• Work instruction
Needed from the data below: every line from the one with "Mañana se aprobará" up to and including the one with "Image 1 : NEW", repeated exactly and with nothing else.

• Provided data
Start of Block
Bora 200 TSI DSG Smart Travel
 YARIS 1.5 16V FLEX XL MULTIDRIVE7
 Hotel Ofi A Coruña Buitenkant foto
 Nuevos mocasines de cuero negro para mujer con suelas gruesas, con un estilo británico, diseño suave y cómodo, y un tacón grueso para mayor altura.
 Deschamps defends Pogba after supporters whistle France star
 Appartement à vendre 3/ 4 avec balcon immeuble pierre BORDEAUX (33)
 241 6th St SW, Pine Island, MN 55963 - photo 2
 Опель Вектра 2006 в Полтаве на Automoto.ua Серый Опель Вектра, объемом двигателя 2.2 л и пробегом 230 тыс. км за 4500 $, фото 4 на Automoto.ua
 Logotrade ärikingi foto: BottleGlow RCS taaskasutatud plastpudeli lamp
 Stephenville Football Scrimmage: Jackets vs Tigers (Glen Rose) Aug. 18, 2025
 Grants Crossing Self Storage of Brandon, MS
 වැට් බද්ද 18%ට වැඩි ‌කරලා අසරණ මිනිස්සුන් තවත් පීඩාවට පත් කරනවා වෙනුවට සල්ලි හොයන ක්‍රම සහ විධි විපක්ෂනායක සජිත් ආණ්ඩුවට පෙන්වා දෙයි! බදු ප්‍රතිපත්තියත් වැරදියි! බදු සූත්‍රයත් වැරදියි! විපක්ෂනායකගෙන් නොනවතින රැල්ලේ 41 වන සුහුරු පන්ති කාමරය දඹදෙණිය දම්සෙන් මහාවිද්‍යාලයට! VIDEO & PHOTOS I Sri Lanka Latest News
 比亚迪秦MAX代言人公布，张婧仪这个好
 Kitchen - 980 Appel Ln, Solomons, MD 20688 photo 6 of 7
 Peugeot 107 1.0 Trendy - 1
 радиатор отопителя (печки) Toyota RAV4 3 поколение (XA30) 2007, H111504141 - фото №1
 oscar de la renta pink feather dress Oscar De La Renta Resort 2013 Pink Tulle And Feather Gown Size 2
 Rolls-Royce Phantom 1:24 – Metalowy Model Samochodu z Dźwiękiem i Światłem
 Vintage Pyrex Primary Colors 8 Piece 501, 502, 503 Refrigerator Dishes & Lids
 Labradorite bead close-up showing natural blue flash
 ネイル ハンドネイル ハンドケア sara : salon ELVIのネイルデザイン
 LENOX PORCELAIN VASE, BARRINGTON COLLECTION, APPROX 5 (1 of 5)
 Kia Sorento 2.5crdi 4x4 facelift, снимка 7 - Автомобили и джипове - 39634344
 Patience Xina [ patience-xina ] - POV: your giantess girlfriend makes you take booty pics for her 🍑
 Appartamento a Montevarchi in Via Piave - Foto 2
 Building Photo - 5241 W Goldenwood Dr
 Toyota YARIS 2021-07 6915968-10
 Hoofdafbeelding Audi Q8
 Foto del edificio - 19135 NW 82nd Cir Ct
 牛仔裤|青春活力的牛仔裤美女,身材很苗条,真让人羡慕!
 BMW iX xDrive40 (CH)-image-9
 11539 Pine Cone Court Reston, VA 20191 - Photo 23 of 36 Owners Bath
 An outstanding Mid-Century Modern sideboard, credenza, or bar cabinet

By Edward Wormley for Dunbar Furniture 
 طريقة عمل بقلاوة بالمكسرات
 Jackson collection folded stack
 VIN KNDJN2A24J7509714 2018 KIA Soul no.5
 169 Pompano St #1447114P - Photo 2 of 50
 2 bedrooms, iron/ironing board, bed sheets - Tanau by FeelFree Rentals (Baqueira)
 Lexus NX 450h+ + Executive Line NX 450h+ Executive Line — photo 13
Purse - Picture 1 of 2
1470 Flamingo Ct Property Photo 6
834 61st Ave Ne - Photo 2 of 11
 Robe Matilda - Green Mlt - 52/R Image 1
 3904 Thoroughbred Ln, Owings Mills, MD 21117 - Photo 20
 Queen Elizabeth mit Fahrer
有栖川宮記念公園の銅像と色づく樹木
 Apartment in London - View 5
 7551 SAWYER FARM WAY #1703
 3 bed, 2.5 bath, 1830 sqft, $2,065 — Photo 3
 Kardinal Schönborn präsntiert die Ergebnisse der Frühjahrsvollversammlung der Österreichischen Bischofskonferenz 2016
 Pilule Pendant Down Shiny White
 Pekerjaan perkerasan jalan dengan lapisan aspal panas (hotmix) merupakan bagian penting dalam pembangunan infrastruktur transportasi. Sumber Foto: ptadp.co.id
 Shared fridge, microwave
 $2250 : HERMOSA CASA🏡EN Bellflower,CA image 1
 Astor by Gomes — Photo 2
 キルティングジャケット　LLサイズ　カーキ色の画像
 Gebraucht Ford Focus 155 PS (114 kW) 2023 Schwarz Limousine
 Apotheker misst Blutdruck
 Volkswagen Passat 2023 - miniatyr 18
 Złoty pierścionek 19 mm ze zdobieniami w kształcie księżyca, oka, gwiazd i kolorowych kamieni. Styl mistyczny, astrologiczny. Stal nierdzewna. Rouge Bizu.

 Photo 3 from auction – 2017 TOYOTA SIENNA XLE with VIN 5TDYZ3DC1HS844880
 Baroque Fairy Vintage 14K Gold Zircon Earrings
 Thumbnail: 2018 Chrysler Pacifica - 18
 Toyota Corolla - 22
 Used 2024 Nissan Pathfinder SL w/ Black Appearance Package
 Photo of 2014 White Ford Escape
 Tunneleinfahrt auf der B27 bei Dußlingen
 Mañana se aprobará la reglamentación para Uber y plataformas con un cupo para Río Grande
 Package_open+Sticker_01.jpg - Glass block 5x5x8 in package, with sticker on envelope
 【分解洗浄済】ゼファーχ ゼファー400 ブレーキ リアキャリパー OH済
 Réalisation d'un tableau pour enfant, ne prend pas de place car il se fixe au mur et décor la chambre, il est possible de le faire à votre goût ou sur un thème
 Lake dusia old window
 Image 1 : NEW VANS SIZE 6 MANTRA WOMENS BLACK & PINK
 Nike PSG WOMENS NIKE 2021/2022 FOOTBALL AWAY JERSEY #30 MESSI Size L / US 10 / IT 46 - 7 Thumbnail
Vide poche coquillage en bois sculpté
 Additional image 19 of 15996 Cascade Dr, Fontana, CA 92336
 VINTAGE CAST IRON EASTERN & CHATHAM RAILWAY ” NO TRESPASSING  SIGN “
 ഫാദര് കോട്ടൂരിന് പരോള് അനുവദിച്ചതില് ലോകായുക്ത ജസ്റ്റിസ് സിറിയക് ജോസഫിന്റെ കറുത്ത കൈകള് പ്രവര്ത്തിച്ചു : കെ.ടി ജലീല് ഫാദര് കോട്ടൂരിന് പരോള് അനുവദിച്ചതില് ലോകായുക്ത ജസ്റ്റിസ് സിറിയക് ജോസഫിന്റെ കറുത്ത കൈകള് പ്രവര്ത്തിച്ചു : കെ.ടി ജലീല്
End of Block
• Task output
 Mañana se aprobará la reglamentación para Uber y plataformas con un cupo para Río Grande
 Package_open+Sticker_01.jpg - Glass block 5x5x8 in package, with sticker on envelope
 【分解洗浄済】ゼファーχ ゼファー400 ブレーキ リアキャリパー OH済
 Réalisation d'un tableau pour enfant, ne prend pas de place car il se fixe au mur et décor la chambre, il est possible de le faire à votre goût ou sur un thème
 Lake dusia old window
 Image 1 : NEW VANS SIZE 6 MANTRA WOMENS BLACK & PINK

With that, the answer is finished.